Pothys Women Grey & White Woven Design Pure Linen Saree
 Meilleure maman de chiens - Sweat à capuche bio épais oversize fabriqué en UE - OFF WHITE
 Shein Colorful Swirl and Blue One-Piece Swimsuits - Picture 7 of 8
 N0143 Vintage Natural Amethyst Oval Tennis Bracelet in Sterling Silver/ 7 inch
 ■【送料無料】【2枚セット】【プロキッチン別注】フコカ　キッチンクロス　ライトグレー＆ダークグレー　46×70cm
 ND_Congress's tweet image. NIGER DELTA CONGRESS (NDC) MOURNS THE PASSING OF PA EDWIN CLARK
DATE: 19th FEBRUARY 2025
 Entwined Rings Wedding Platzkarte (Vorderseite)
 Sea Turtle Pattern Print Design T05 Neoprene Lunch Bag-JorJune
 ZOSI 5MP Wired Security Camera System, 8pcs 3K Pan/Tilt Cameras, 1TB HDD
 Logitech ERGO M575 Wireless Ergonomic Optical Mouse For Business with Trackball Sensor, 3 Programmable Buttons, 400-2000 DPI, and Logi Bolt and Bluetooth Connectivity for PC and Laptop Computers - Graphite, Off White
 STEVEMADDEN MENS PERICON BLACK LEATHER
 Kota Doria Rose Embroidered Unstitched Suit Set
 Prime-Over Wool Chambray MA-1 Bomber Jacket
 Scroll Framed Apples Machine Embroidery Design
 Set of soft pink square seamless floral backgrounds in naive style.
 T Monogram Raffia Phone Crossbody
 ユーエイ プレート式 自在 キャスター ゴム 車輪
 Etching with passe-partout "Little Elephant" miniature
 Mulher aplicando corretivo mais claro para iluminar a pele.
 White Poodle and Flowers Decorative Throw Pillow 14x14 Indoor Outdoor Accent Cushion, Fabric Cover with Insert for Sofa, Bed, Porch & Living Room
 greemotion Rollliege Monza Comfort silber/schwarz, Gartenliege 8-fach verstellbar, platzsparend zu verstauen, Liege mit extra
· · · ·
→ **Problem**:
Only the lines above from the one with "ND_Congress's tweet image." up to and including the one with "White Poodle and" should be repeated, exactly as written.

→ **Answer box**:
 ND_Congress's tweet image. NIGER DELTA CONGRESS (NDC) MOURNS THE PASSING OF PA EDWIN CLARK
DATE: 19th FEBRUARY 2025
 Entwined Rings Wedding Platzkarte (Vorderseite)
 Sea Turtle Pattern Print Design T05 Neoprene Lunch Bag-JorJune
 ZOSI 5MP Wired Security Camera System, 8pcs 3K Pan/Tilt Cameras, 1TB HDD
 Logitech ERGO M575 Wireless Ergonomic Optical Mouse For Business with Trackball Sensor, 3 Programmable Buttons, 400-2000 DPI, and Logi Bolt and Bluetooth Connectivity for PC and Laptop Computers - Graphite, Off White
 STEVEMADDEN MENS PERICON BLACK LEATHER
 Kota Doria Rose Embroidered Unstitched Suit Set
 Prime-Over Wool Chambray MA-1 Bomber Jacket
 Scroll Framed Apples Machine Embroidery Design
 Set of soft pink square seamless floral backgrounds in naive style.
 T Monogram Raffia Phone Crossbody
 ユーエイ プレート式 自在 キャスター ゴム 車輪
 Etching with passe-partout "Little Elephant" miniature
 Mulher aplicando corretivo mais claro para iluminar a pele.
 White Poodle and Flowers Decorative Throw Pillow 14x14 Indoor Outdoor Accent Cushion, Fabric Cover with Insert for Sofa, Bed, Porch & Living Room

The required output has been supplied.